An exact copy is needed of the lines from the one that contains "CC0, gemeinfrei, lizenzfrei" through the final line of the data below, with pictures left out.

[Available records]

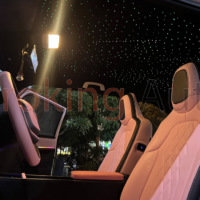 Chủ đề độ trần xe Vinfast VF6 theo cung hoàng đạo mang đậm cá tính riêng của chủ sỡ hữu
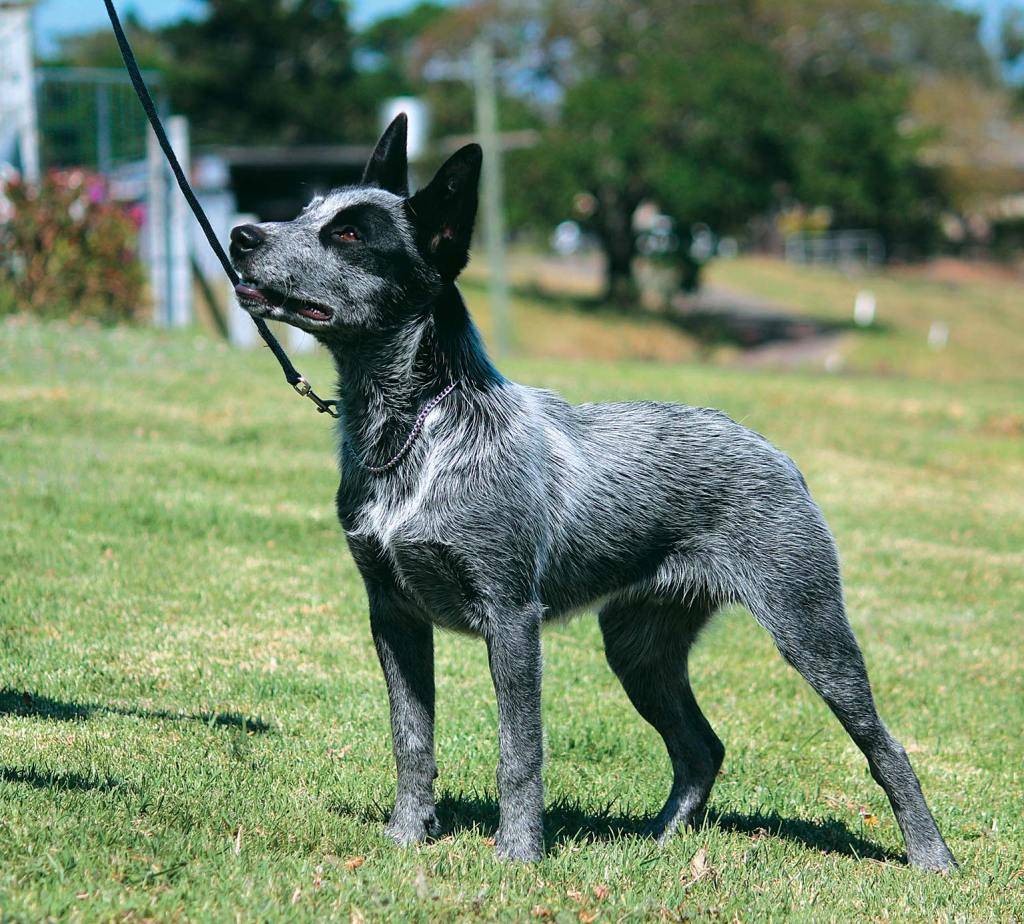 Австралийская короткохвостая пастушья собака (АКПС)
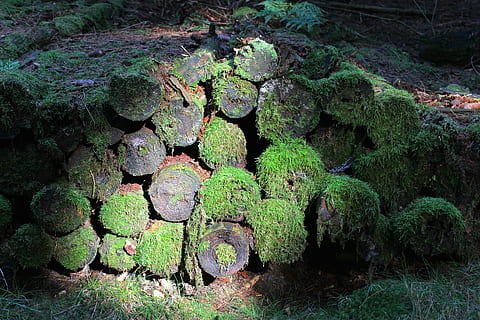 Wald, Baumstämme, Log, Moos, Baum, Natur, Holz, Forstwirtschaft, gestapelt, Pflanze, Wachstum, grüne Farbe, keine Leute, Tag, Land, Ruhe, draußen, Schönheit in der Natur, Stapel, Abholzung, Pflanzenteil, solide, Feld, große gruppe von gegenständen, Abdeckung, 5K, CC0, gemeinfrei, lizenzfrei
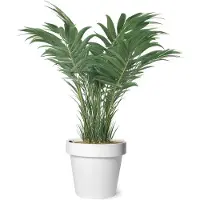 Mega Collections Plantenpot/bloempot - kunststof - wit - buiten - D35 x H31 cm - Plantenpotten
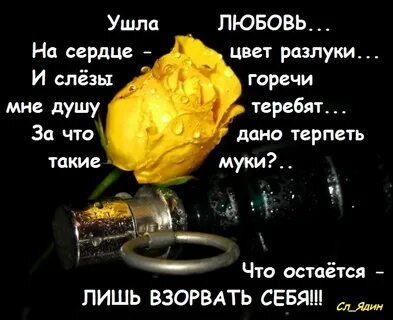 Цвет расставания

[/Available records]

• **Your response**
 Wald, Baumstämme, Log, Moos, Baum, Natur, Holz, Forstwirtschaft, gestapelt, Pflanze, Wachstum, grüne Farbe, keine Leute, Tag, Land, Ruhe, draußen, Schönheit in der Natur, Stapel, Abholzung, Pflanzenteil, solide, Feld, große gruppe von gegenständen, Abdeckung, 5K, CC0, gemeinfrei, lizenzfrei
 Mega Collections Plantenpot/bloempot - kunststof - wit - buiten - D35 x H31 cm - Plantenpotten
 Цвет расставания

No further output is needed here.